15. La Corte ha, invero, ritenuto indubitato il trasferimento di fondi, dall’INPS al Banco, e quanto alla prova del pagamento della pensione provvisoria la censura si palesa non autosufficiente perché non sorretta dalla produzione del documento ovvero dalla indicazione della relativa introduzione e allegazione nelle sedi processuali di merito e, in ogni caso carente di decisività giacché la documentazione della quale si assume la irrituale produzione non ha avuto alcuna efficacia determinante nella formazione del convincimento della Corte di merito, 16. Con il terzo motivo si deduce violazione dell’art. 1241 c.c. e si assume che la compensazione avrebbe potuto operare solo per distinti rapporti di debito e credito intercorrenti fra gli stessi soggetti, il che non era nella specie.

17. Il motivo non coglie nel segno perché la Corte di merito, all’esito della valutazione degli atti di causa, ha escluso l’assunzione di un obbligo di pagamento da parte dell’INPS nei confronti dell’ I. alla stregua del D.Lgs. n. 357 del 1990, art. 6 e il Banco e’, al contempo, debitore delle somme maturate a titolo di arretrati e creditore per la restituzione delle somme versate a titolo di pensione nel corso del medesimo periodo cui sono riferiti gli arretrati di trattamento VOBANC.

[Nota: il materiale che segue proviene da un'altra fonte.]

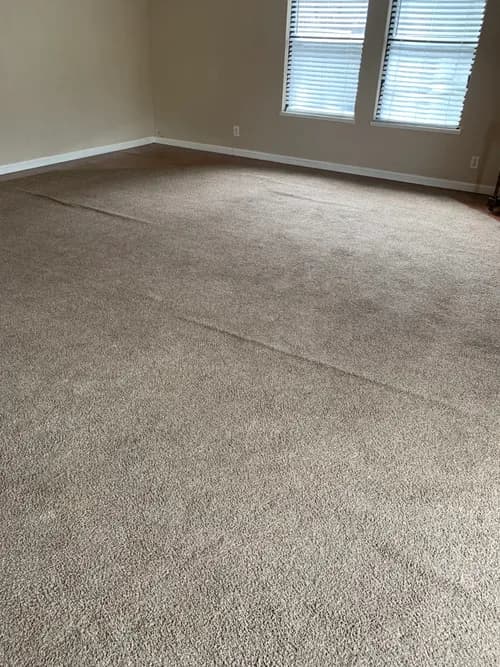 Magic Wand Professional Cleaning Services - Photo 1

18. Con il quinto motivo si denuncia omesso esame di un fatto decisivo ma si ometto, per vero, di indicare il fatto che si assume non esaminato e, in ogni caso, la censura indirizza critiche al convincimento della Corte di merito che, ad avviso della ricorrente, non avrebbe potuto trarre dall’esame del complessivo materiale probatorio, la prova dell’esistenza delle contrapposte partite debitorie e creditorie.

19. In conclusione, il ricorso è da rigettare.

20. Segue coerente la condanna alle spese, liquidate come in dispositivo.

21. Ai sensi del D.P.R. n. 115 del 2002, art. 13,comma 1-quater, sussistono i presupposti processuali per il versamento, a carico della parte ricorrente, dell’ulteriore importo, a titolo di contributo unificato, pari a quello per il ricorso ex art. 13, comma 1, se dovuto.

P.Q.M.

La Corte rigetta il ricorso; condanna la parte ricorrente al pagamento delle spese, liquidate in Euro 200,00 per esborsi, Euro 7.500,00 per compensi professionali, oltre accessori di legge e rimborso forfetario del 15 per cento. Ai sensi del D.P.R. n. 115 del 2002, art. 13, comma 1-quater, sussistono i presupposti processuali per il versamento, a carico della parte ricorrente, dell’ulteriore importo, a titolo di contributo unificato, pari a quello per il ricorso ex art. 13, comma 1, se dovuto.

Così deciso in Roma, nella Camera di consiglio, il 20 aprile 2021.